By Letter to the Editor on September 6, 2017.
Without inside knowledge of city finances and policy planning I am left to frame my thoughts as questions. What is infrastructure? What is essential infrastructure? Libraries? Museums? Recreational facilities? All very necessary but not essential.
Mass transit? For some it is very essential. Why is it losing money? Can its losses be absorbed by profits from non-essential services? Low ridership? Would lower cost-per-ride increase usage and potentially profits? Would smaller buses for evenings and weekends work or changing half-hour pickups to one hour?
I’m sure lots of ideas were discussed but there must be a better way than just reaching for the scissors when you see red on the bottom line. Two things bothered me when discussing the issues with a transit manager at a recent open house.

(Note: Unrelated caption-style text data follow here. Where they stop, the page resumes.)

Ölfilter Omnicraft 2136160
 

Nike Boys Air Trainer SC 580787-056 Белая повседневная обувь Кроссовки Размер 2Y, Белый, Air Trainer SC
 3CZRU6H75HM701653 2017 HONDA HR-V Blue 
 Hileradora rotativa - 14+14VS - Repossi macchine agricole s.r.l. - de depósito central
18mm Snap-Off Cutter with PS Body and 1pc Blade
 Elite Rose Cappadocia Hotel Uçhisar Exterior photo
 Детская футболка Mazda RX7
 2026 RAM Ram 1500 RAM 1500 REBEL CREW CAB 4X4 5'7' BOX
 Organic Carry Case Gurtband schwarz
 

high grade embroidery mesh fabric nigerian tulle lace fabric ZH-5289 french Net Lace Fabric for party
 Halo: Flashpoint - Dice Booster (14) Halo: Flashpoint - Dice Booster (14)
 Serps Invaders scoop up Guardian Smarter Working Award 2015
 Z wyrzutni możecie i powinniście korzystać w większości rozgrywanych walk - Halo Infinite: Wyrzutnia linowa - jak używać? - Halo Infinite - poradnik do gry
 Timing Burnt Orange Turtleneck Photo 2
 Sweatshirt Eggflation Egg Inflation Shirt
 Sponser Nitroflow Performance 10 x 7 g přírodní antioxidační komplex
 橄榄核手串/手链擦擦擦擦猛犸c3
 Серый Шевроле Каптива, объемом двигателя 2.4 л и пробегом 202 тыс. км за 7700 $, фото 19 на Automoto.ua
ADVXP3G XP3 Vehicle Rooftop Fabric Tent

The first, she had no issues with me walking over a mile to the FLC for pickup and another mile home on a wintery Saturday over snow and ice in -30 C weather on aging knees. Do I use the bus on Saturdays? Well, I did.
Second, she couldn’t understand that paying more than $70 a month for a pass with a reduction of eight days and 30 evenings wasn’t good economics. I’ll pass on the pass.
Now, to be honest, there were also some changes that I did like and I think will work well. But let the users decide, not those that stress about profits and margins. Now I have paid city taxes for almost 40 years and if I saw just one rider on a bus at 9 p.m. and I felt if it was important for that person to get where they needed, then it was important to me. That is the bottom line of essential infrastructure.